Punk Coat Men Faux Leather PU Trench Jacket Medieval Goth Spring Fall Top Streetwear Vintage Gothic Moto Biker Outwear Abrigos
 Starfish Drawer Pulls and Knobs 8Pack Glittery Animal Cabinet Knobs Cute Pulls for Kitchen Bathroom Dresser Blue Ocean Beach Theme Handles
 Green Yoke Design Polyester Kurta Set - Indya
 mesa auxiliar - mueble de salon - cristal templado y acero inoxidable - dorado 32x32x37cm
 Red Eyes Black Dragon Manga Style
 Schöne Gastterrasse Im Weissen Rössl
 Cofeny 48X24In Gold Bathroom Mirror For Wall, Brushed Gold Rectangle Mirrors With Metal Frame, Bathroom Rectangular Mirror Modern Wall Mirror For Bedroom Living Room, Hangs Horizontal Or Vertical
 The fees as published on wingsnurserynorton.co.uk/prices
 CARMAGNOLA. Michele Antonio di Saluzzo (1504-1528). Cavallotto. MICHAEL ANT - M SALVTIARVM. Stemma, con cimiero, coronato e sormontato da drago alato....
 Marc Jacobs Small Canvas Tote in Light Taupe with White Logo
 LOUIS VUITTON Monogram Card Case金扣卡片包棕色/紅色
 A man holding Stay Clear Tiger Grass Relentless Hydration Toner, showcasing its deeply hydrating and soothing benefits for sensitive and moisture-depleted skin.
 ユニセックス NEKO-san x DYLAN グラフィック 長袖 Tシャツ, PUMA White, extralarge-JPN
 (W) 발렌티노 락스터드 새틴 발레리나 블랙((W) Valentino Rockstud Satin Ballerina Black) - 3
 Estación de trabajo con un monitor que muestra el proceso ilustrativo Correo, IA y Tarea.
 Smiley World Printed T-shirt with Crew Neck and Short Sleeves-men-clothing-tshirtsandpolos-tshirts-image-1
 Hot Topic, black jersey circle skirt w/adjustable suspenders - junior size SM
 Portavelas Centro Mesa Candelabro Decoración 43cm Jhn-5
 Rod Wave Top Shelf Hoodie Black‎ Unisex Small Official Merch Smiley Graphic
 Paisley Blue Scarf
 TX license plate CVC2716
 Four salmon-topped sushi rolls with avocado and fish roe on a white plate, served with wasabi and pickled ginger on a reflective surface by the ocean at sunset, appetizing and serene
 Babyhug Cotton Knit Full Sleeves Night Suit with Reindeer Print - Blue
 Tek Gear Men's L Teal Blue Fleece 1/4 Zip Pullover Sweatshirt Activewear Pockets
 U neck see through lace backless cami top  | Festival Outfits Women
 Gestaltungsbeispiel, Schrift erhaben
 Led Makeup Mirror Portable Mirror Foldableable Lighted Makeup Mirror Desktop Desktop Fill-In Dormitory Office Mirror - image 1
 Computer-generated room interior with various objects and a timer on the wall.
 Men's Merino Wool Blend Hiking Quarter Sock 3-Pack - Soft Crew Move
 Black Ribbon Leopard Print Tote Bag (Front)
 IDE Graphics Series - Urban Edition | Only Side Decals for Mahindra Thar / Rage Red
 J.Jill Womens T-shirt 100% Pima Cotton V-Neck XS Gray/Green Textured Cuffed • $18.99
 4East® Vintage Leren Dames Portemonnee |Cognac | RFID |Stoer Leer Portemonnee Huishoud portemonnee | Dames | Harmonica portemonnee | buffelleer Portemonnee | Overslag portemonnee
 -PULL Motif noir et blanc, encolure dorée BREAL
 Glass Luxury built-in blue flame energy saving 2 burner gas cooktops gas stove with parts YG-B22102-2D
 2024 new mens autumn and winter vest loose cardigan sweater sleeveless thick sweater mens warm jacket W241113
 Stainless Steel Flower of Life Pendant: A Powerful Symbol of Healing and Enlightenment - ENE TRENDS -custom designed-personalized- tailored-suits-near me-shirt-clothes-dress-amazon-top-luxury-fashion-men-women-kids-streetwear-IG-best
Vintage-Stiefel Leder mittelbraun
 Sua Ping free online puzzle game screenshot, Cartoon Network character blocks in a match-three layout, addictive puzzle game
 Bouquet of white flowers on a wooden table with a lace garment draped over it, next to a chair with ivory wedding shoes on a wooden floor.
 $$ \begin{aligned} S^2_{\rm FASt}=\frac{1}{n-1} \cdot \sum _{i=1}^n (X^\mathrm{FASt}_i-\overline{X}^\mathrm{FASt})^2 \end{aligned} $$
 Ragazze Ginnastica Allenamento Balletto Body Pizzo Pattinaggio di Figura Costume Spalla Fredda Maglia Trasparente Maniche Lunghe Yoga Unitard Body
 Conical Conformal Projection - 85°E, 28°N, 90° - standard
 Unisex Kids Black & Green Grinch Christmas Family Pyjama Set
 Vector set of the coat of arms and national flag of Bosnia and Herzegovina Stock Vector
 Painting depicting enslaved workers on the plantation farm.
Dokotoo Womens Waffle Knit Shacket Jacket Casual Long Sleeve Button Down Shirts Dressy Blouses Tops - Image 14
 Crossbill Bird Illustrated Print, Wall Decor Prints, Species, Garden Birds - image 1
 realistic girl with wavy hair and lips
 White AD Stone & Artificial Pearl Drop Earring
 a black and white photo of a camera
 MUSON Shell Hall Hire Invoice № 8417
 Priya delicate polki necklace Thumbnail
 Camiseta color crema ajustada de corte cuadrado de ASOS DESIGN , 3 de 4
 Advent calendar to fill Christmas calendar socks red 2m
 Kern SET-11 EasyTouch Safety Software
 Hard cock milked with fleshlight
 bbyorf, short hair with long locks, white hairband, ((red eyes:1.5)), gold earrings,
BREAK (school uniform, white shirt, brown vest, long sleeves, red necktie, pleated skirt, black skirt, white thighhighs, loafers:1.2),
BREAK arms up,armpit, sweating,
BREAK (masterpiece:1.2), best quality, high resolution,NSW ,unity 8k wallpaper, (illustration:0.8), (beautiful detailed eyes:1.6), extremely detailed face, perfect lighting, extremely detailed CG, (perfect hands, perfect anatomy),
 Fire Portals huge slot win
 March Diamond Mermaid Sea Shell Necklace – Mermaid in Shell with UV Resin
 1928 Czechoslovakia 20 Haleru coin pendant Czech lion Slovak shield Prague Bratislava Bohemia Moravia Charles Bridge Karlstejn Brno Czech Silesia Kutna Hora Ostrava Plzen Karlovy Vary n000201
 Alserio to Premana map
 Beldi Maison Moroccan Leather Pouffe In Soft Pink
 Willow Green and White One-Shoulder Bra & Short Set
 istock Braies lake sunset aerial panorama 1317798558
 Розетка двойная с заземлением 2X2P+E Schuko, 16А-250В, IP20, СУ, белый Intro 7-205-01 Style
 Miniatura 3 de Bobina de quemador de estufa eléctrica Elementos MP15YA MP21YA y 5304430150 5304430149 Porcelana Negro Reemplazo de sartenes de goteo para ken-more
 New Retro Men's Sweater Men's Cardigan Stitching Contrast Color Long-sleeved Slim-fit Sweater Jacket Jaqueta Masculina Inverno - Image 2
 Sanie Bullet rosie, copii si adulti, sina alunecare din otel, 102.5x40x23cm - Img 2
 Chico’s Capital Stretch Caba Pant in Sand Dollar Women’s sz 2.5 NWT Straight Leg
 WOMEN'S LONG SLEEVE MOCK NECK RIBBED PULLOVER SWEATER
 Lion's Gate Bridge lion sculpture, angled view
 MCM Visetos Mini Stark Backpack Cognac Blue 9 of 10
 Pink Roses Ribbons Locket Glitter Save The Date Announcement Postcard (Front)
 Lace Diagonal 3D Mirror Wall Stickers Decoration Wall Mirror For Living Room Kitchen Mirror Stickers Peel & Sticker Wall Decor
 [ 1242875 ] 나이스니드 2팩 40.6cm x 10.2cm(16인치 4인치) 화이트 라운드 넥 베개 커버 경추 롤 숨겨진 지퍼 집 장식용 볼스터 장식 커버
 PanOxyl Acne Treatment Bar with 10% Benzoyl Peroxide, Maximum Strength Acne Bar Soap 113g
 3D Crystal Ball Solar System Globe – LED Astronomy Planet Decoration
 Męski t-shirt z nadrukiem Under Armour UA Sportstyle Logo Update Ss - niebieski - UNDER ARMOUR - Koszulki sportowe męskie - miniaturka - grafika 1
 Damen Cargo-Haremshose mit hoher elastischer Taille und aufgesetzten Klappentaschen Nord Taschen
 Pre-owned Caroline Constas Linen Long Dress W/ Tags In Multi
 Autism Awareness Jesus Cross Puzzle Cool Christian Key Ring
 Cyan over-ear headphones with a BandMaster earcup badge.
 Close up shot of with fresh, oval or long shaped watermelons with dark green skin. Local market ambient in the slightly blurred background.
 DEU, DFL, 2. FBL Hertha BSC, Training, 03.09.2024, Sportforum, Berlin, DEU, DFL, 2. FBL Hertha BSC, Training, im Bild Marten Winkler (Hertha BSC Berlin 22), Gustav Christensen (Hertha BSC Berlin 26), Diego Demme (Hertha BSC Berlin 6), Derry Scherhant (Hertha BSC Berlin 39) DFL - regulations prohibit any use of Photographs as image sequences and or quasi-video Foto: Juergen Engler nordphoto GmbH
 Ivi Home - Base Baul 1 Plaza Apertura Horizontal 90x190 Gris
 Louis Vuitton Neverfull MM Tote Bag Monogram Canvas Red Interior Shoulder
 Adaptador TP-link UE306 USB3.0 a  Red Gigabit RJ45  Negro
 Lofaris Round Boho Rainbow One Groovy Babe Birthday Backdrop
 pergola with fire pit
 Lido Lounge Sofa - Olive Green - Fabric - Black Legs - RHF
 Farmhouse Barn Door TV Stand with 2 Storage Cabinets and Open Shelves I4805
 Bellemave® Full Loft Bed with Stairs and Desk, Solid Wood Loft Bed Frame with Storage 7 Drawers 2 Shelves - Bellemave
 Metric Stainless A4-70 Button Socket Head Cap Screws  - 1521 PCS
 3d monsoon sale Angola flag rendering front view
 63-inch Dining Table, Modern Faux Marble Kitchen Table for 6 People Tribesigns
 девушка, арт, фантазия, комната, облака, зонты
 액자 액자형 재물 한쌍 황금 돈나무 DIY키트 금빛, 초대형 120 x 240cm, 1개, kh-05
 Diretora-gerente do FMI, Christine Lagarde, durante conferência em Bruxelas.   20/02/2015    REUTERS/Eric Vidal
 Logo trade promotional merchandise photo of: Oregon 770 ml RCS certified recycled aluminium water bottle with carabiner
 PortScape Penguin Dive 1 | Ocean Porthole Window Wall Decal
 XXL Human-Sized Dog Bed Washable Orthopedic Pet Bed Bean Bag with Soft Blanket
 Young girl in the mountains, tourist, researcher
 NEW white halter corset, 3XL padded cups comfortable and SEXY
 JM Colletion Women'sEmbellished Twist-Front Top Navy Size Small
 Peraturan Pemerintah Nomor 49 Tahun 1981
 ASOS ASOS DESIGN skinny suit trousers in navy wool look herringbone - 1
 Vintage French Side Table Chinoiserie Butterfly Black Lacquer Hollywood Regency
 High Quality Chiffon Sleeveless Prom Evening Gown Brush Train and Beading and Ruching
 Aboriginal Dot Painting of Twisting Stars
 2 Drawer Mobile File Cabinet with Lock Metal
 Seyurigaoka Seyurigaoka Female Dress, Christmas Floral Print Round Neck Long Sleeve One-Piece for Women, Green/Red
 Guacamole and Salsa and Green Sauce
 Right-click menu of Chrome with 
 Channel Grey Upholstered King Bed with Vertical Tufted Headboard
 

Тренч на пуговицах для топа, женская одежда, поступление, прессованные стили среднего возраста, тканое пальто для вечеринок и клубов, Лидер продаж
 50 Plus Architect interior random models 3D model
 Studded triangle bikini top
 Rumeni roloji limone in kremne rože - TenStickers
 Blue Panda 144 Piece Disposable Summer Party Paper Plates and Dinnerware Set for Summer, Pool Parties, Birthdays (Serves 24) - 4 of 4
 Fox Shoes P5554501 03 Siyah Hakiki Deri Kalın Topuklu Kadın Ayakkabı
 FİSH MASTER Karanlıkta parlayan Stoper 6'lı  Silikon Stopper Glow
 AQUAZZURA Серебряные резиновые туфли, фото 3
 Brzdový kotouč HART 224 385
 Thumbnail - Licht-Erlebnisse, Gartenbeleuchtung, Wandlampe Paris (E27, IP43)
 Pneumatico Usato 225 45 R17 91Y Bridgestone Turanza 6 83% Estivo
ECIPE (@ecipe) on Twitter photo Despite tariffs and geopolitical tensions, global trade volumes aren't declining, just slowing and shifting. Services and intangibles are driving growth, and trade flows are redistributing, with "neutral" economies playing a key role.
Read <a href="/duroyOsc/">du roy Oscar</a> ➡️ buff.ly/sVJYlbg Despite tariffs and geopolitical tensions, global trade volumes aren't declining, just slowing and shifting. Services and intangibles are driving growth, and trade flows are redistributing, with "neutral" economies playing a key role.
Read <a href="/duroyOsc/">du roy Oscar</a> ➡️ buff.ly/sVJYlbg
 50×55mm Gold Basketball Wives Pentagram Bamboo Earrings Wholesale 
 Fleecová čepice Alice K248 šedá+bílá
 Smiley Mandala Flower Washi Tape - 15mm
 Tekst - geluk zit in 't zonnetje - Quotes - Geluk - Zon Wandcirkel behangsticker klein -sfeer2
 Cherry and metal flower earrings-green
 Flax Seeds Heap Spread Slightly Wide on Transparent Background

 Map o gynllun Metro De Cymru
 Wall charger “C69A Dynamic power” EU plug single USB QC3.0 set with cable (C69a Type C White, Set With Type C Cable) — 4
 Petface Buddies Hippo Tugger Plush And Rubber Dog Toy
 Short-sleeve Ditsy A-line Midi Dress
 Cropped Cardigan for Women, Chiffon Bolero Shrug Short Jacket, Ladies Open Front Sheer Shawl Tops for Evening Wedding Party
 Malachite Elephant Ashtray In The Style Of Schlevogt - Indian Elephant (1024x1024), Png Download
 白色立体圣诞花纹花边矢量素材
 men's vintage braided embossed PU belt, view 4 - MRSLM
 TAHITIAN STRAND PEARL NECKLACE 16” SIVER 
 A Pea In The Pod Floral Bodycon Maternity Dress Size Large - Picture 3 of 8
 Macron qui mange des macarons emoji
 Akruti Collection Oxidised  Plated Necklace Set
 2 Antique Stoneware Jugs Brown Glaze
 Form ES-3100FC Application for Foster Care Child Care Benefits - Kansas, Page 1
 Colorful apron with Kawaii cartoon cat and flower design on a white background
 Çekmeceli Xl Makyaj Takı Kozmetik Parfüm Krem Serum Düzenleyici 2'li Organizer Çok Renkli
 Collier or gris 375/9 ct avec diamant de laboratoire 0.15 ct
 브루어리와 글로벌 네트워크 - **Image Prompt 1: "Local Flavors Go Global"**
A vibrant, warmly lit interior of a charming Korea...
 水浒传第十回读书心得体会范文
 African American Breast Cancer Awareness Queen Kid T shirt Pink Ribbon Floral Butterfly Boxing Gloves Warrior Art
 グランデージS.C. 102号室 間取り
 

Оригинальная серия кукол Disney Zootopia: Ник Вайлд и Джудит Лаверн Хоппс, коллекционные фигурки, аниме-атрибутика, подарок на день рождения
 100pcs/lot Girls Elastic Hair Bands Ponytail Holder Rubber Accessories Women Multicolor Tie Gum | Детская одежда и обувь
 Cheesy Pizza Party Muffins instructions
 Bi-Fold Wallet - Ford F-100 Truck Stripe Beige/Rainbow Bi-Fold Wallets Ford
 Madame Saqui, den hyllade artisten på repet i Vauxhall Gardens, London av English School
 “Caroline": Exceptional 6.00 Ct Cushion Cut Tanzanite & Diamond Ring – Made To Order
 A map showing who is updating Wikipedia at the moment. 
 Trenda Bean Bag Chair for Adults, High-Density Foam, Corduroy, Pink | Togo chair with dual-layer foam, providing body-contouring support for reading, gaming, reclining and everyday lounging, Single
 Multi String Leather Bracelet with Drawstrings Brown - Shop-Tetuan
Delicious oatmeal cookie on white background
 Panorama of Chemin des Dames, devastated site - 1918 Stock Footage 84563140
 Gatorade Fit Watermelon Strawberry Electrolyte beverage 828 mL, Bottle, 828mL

* _Exercise brief_
Having output the line that contains "Schöne Gastterrasse Im Weissen Rössl", stop. Every line before it, back to the first line of the data, must be reproduced exactly.

* _Answer_
Punk Coat Men Faux Leather PU Trench Jacket Medieval Goth Spring Fall Top Streetwear Vintage Gothic Moto Biker Outwear Abrigos
 Starfish Drawer Pulls and Knobs 8Pack Glittery Animal Cabinet Knobs Cute Pulls for Kitchen Bathroom Dresser Blue Ocean Beach Theme Handles
 Green Yoke Design Polyester Kurta Set - Indya
 mesa auxiliar - mueble de salon - cristal templado y acero inoxidable - dorado 32x32x37cm
 Red Eyes Black Dragon Manga Style
 Schöne Gastterrasse Im Weissen Rössl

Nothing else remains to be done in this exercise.